Je ne suis bien amusé à la déclaration de votre mentor Emmanuel Macron "je ne suis pas socialiste" lors d'une visite au Puy du Fou de Philippe de Villiers. Déjà il y a 1 an il avait des déclarations sur l'incomplétude de notre démocratie en l'absence de roi. Expliquez-moi donc votre contradiction entre soutenir Macron et être socialiste. A mon avis Macron est un électron libre qui peut nous réserver bien d'autres surprises, à votre grand dam, une fois de plus.

Emmanuel Mousset a dit…

1- Vos propos sont excessifs : ce que vous dites sur Autain est manifestement faux et polémique. Je ne me situe pas sur ce terrain-là.

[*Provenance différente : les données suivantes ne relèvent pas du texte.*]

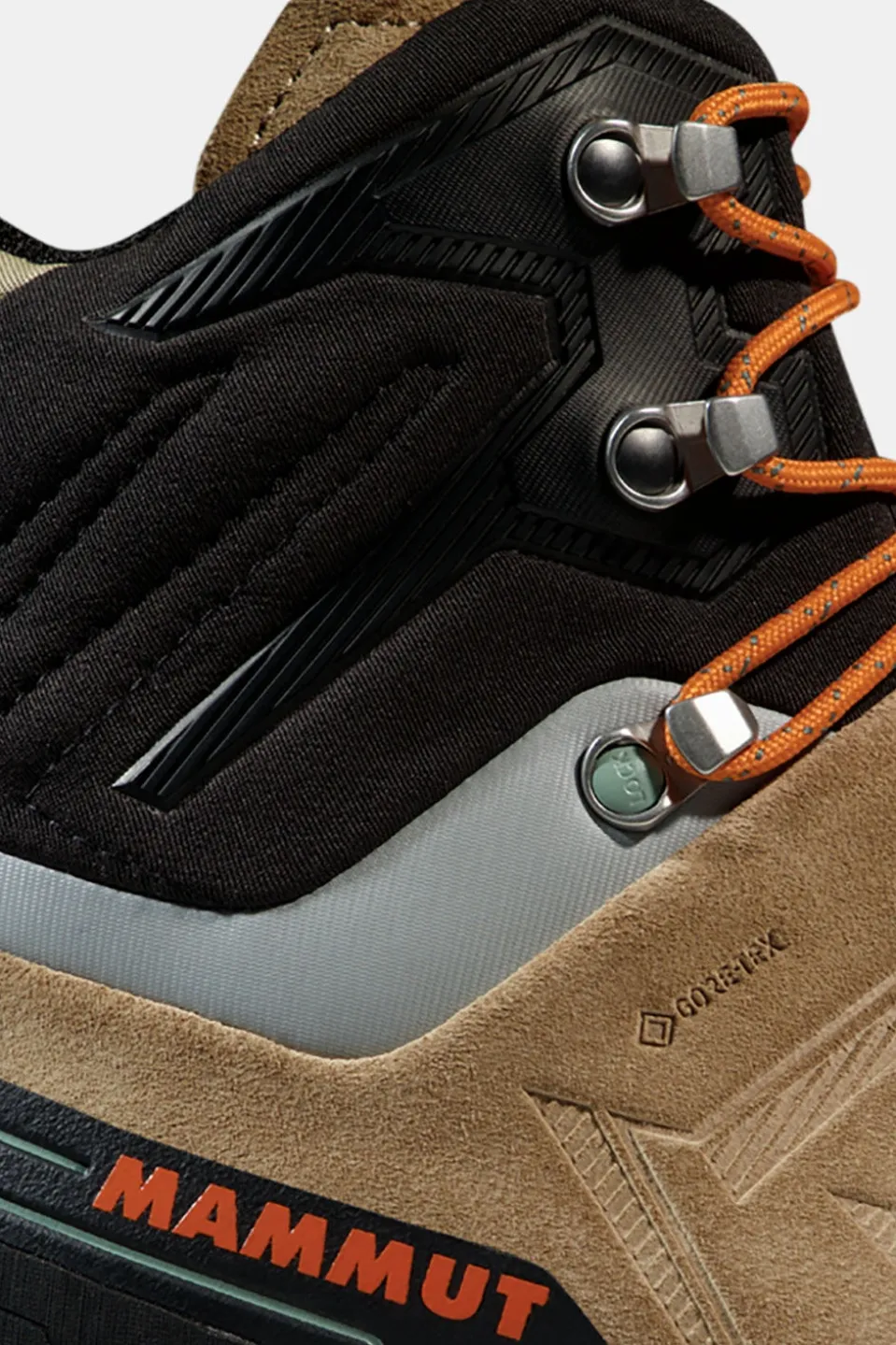 Mammut Kento Tour High Gore-Tex Bergschoen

2- La "naïveté" n'existe pas en politique ; il n'y a que des points de vue, plus ou moins argumentés.

3- Macron est libre, comme je suis libre, comme j'espère vous êtes libre, comme tout citoyen en République a le devoir d'être libre. Mais ça n'en fait pas un "électron". Je le crois fidèle au gouvernement et au président.

Anonyme a dit…

Je persiste sur les 2 points que vous évoquez.
La naïveté en politique, cela existe c'est, notamment, votre analyse sur la question
du burkini comme j'ai essayé de vous le démontrer. D'autres commentateurs vous en ont fait le reproche lors d'un de vos précédents posts de votre blog.
Quant au 3è vous "bottez" bien facilement en touche: une fois ce gouvernement et ce président partis il peut vous réserver bien des surprises qui vous déplairont alors que vous en faites votre mentor. C'est bien pour cela que je le considère déjà comme un électron libre.

Philippe a dit…

Vous transformez la politique politicienne PS en religion indépassable.
Pourtant cette religion ne vous reconnaît pas comme étant l'un des siens, notamment son, de plus en plus mini, sous ensemble PS.
La sous-préfecture de St Q au niveau PS ne vous a jamais adoubé pour une fonction d'une quelconque importance.
Je fréquente ce blog car je compatis toujours avec les "affligés" de la vie, les malades, les perdants etc. je dois avoir des gènes de st bernard (le clébard).
Cessez de flasher sur des macron hollande hier des valls ils s'en cognent de vous de nous et des autres !

Emmanuel Mousset a dit…

Je ne me reconnais ni dans votre langage, ni dans vos propos. Question de style.

Philippe a dit…

j'ai le style scalpel ... que je retourne bien sûr vers moi dans l'intimité de mon cabinet de réflexion.